§ **Your task**
Scan the records below for the line containing "STEKKA MASTER ITALIAN STEAK HOUSE" and the line containing "RENAULT Captur usata, con Frenata d". Copy both, plus every line between, exactly.

§ **Listed entries**
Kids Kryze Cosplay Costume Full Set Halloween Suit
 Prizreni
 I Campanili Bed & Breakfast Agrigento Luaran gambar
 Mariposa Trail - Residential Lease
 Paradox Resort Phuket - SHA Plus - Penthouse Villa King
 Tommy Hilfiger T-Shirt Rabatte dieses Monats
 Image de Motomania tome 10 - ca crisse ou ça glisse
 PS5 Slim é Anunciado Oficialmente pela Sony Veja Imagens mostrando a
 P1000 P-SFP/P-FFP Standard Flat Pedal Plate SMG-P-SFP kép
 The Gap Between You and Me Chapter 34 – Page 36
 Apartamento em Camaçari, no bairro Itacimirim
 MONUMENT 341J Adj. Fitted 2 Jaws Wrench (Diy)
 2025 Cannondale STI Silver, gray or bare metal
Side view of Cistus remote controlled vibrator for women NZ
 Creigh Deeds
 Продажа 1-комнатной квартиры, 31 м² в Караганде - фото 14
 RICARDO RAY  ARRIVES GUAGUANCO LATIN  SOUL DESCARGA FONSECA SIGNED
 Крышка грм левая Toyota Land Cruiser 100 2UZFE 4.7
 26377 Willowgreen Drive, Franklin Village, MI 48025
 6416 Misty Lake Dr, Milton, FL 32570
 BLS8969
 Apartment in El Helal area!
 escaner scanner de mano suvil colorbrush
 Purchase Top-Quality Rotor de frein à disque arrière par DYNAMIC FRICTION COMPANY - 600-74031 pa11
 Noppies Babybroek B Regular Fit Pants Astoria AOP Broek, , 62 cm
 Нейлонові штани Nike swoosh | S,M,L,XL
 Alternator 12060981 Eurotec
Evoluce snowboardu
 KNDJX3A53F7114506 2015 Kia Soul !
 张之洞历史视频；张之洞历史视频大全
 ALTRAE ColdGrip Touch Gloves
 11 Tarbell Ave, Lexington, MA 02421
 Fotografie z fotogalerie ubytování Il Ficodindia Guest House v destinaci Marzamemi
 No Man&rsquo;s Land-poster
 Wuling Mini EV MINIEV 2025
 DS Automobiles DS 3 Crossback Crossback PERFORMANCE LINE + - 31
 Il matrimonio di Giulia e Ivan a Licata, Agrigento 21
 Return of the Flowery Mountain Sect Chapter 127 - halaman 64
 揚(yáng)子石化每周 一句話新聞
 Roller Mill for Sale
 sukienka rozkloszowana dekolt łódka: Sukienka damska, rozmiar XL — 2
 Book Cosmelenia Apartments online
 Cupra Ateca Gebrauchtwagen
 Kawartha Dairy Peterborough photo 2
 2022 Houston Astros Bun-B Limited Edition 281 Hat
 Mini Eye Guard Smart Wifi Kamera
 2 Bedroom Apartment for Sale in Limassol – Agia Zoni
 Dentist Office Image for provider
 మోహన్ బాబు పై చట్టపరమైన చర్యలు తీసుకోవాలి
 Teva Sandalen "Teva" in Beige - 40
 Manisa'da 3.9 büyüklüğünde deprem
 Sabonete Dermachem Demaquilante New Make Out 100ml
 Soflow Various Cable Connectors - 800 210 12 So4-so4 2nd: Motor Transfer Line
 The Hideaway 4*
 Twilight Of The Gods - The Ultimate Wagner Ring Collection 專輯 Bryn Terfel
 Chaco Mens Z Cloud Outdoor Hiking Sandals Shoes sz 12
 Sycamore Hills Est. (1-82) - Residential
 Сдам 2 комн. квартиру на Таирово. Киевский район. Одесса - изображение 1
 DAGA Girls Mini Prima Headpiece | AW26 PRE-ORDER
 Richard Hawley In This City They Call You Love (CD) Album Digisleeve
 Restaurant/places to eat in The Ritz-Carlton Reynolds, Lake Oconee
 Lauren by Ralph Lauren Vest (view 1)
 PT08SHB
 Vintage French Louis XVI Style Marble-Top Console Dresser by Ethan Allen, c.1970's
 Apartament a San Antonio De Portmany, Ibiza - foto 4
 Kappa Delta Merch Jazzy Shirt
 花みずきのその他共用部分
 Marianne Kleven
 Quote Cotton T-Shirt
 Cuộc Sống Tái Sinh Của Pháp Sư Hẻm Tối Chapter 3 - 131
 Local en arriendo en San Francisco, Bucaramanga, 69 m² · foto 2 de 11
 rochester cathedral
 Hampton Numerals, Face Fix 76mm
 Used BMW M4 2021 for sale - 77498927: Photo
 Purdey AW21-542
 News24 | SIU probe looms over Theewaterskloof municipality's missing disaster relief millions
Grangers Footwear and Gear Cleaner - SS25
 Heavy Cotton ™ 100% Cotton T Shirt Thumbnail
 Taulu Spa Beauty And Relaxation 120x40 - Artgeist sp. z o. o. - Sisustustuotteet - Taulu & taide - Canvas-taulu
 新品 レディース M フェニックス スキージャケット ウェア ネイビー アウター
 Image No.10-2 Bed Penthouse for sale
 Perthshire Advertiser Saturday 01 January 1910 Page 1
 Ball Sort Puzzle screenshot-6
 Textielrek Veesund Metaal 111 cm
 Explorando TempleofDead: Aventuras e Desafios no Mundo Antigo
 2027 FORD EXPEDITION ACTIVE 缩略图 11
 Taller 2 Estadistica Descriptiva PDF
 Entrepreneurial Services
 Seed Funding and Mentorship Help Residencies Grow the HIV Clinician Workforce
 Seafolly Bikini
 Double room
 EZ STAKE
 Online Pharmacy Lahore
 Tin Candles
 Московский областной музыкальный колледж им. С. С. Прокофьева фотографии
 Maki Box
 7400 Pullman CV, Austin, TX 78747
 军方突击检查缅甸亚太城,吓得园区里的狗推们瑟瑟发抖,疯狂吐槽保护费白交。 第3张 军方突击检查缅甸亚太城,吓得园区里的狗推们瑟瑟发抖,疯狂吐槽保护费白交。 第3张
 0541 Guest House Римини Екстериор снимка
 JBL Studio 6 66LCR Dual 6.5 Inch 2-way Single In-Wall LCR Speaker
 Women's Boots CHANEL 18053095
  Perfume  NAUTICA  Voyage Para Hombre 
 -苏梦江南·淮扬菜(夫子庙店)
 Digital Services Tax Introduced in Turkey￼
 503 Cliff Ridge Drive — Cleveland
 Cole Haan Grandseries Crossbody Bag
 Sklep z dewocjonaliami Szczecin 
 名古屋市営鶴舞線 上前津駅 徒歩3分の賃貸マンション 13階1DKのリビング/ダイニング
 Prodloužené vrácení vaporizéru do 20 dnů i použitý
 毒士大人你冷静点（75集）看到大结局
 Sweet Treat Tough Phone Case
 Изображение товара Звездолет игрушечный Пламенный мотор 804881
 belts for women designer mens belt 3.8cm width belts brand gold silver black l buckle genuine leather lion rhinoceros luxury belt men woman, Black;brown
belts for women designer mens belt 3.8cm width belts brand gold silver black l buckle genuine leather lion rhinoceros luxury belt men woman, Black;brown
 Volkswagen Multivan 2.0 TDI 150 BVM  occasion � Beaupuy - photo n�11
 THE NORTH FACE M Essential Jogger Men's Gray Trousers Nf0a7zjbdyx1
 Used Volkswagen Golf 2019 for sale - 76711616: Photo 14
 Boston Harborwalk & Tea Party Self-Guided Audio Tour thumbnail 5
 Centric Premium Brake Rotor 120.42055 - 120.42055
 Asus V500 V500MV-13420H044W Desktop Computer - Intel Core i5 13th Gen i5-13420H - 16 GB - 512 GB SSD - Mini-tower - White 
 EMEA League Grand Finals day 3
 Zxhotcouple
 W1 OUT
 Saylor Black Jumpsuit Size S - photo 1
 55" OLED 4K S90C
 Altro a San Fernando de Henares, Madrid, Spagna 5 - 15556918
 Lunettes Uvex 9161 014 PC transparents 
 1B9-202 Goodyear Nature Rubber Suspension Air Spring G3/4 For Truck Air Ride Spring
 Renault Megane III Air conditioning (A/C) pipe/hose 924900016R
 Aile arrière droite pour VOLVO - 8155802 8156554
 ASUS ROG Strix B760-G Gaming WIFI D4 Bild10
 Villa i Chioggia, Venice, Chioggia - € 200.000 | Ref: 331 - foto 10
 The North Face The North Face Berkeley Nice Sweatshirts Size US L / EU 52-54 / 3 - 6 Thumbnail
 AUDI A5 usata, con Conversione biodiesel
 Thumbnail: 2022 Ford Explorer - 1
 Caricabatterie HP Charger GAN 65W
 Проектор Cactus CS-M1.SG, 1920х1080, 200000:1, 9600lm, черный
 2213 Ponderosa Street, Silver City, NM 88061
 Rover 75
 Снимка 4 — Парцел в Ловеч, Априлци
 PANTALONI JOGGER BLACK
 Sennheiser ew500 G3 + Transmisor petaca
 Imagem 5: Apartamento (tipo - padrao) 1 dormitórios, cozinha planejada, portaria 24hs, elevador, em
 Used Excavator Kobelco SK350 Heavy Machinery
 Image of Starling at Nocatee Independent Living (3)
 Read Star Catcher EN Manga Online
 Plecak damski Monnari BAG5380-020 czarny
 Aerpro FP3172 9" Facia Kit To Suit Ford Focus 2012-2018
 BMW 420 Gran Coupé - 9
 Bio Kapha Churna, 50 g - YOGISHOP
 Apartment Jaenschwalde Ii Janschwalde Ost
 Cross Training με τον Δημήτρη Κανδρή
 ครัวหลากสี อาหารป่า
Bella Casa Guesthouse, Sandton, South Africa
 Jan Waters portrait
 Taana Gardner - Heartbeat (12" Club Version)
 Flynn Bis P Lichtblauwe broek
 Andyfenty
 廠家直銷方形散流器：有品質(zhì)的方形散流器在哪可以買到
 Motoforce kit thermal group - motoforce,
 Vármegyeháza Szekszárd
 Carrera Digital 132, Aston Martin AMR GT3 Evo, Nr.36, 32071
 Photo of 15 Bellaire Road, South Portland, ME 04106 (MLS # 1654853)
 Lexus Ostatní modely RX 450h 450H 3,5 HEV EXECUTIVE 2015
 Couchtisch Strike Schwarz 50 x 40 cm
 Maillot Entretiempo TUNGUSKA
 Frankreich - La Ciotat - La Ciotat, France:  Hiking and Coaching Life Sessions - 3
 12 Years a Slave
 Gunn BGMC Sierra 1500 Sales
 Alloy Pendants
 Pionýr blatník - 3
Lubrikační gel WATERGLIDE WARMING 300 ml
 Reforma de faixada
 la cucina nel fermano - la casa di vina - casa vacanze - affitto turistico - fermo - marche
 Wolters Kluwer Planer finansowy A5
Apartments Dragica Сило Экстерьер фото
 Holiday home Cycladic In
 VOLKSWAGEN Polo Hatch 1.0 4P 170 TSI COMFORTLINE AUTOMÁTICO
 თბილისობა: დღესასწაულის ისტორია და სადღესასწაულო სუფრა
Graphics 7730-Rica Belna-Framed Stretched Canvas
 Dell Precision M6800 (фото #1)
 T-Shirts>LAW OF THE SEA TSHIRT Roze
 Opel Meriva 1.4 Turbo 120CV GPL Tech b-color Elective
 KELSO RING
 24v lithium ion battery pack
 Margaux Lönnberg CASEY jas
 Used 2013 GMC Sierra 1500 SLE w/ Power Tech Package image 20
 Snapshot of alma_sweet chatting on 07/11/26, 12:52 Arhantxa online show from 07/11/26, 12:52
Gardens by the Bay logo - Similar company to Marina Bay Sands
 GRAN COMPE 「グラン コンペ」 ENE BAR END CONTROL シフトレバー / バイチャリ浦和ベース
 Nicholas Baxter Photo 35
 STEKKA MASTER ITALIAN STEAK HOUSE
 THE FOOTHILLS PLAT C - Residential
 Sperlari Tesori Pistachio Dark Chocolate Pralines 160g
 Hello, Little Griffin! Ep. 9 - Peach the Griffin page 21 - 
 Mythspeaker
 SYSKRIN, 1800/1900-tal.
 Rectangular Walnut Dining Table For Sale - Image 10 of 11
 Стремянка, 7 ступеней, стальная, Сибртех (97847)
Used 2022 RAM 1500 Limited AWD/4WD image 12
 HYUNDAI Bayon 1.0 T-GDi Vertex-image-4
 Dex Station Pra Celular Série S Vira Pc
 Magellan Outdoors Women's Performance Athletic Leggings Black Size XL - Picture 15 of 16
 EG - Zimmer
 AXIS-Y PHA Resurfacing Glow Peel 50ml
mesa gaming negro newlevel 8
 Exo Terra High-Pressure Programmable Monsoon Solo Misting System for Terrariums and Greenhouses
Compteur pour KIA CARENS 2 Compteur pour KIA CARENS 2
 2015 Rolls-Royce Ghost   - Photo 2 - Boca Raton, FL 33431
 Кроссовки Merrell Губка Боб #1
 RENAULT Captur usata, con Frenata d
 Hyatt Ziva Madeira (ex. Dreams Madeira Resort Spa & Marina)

§ **Expected answer**
 STEKKA MASTER ITALIAN STEAK HOUSE
 THE FOOTHILLS PLAT C - Residential
 Sperlari Tesori Pistachio Dark Chocolate Pralines 160g
 Hello, Little Griffin! Ep. 9 - Peach the Griffin page 21 - 
 Mythspeaker
 SYSKRIN, 1800/1900-tal.
 Rectangular Walnut Dining Table For Sale - Image 10 of 11
 Стремянка, 7 ступеней, стальная, Сибртех (97847)
Used 2022 RAM 1500 Limited AWD/4WD image 12
 HYUNDAI Bayon 1.0 T-GDi Vertex-image-4
 Dex Station Pra Celular Série S Vira Pc
 Magellan Outdoors Women's Performance Athletic Leggings Black Size XL - Picture 15 of 16
 EG - Zimmer
 AXIS-Y PHA Resurfacing Glow Peel 50ml
mesa gaming negro newlevel 8
 Exo Terra High-Pressure Programmable Monsoon Solo Misting System for Terrariums and Greenhouses
Compteur pour KIA CARENS 2 Compteur pour KIA CARENS 2
 2015 Rolls-Royce Ghost   - Photo 2 - Boca Raton, FL 33431
 Кроссовки Merrell Губка Боб #1
 RENAULT Captur usata, con Frenata d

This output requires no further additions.